Herr Kollege Beckstein nannte es eine Unverschämtheit, meine Damen und Herren, dass die Oppositionsfraktionen von SPD und Freien Wählern auch strafrechtliche Konsequenzen überprüfen wollten. Das sagte Herr Beckstein in einem Interview.

(Harald Güller (SPD): Wo ist er denn heute?)

- Er ist heute nicht da. Aber klar ist doch, die Unverschämtheit sitzt bei Weitem nicht nur in den Reihen der Opposition. Die Unverschämtheit sitzt offensichtlich auf der Regierungsbank in Person seines Nachfolgers Horst Seehofer, der offensichtlich ebenfalls strafrechtliche Konsequenzen einfordert.

Leider erweckt Herr Seehofer nur den Anschein, er wolle auch in den eigenen Reihen aufklären. Bis jetzt steckt nichts, aber wirklich überhaupt nichts dahinter. Da bleibt sich der Ministerpräsident konsequent treu: wieder einmal nur Ankündigungen, Ankündigungen, die auch von der eigenen Verantwortung ablenken sollen.
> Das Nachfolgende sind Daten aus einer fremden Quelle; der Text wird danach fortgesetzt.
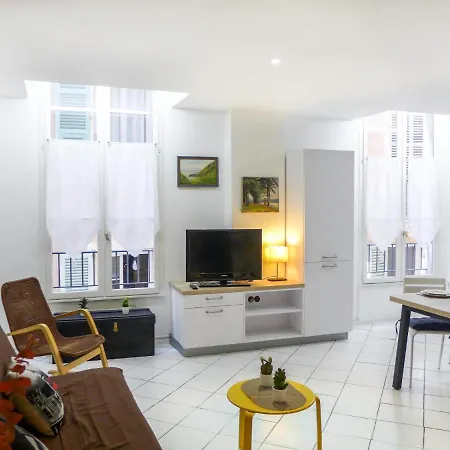Vieux By Interhome
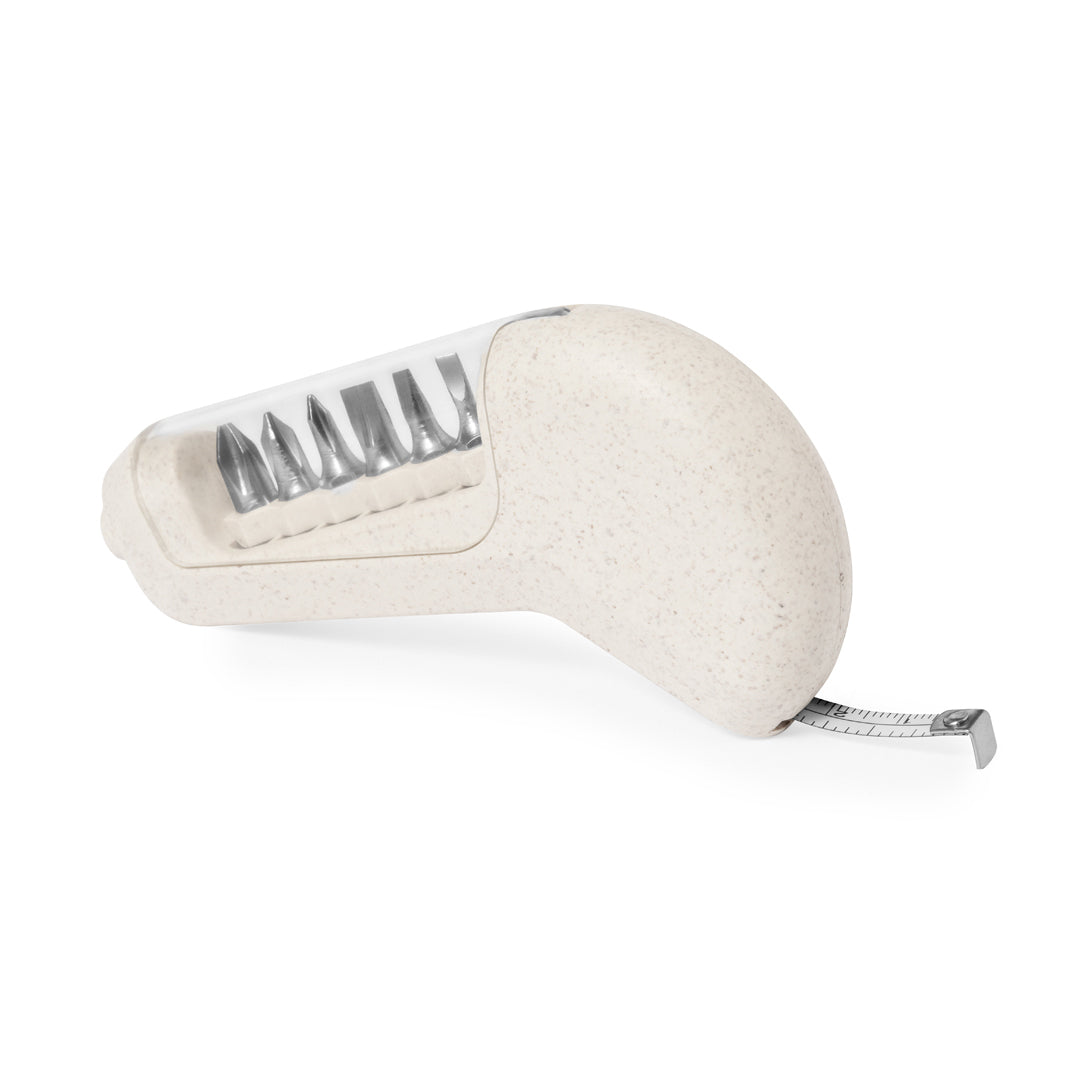 Flexómetro Multiherramienta (lote de 100)
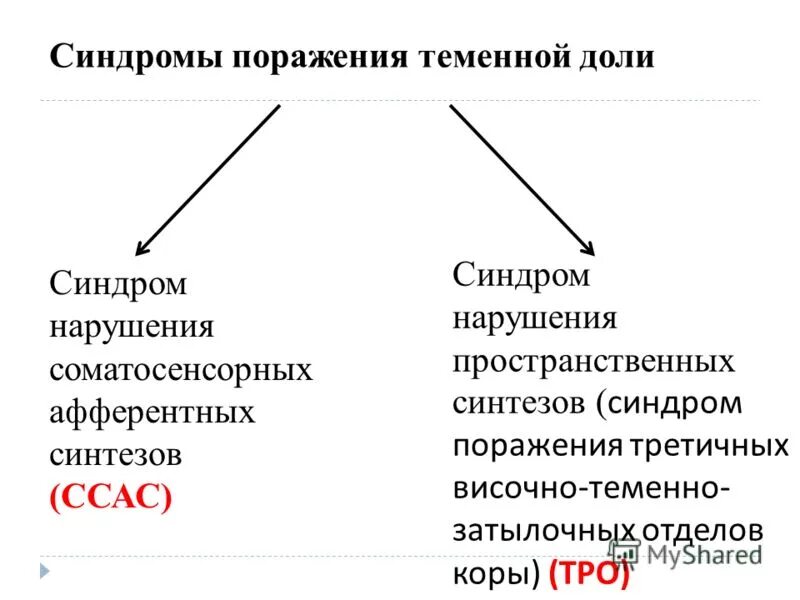 Пространственный синтез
Sie hatten doch nun ein Jahr lang Zeit, Herr Ministerpräsident, sich mit dem Problem Landesbank eingehend zu beschäftigen. Sie hatten ein Jahr lang Zeit, zwölf lange Monate, die Landesbank transparent neu aufzustellen, eine neue Mannschaft zusammenzustellen, ein neues Konzept zu entwerfen. Sie hatten ein Jahr lang Zeit, die notwendigen Rückschlüsse zu ziehen und gegebenenfalls auch unbequeme Entscheidungen in den eigenen Reihen herbeizuführen. Nichts davon ist eingetreten, überhaupt nichts, genau das Gegenteil. Sie haben ihren Finanzminister für die Staatsregierung mauern lassen. Das ist ein Fakt.

Klar, der Kauf der HGAA fällt in die Amtszeit des CSUEhrenvorsitzenden Edmund Stoiber. Aber was haben Sie denn daraus gelernt? Dem Anliegen der Opposition, ebenso Verantwortung für die Bayerische Landesbank zu übernehmen, zum Beispiel indem Oppositionsvertreter in den Verwaltungsrat geschickt werden, haben Sie eine klare Absage erteilt. Sie wollten, dass die Landesbank fest in CSU-Hand bleibt. Sie haben die alten Seilschaften eben nicht beseitigt, Herr Seehofer.

(Beifall bei der SPD)

Sie haben sie fortgesetzt. Deshalb muss man feststellen: Die Landesbank ist nicht nur ein Problem für Ihre Vorgänger, sie ist auch ein Problem für Sie ganz persönlich.

Im Übrigen kein Wort des Bedauerns in Ihrer Regierungserklärung an die Lehrer, an die Schüler und deren Eltern, dass Sie bessere Bedingungen für eine bessere Bildung in Bayern verspekuliert haben.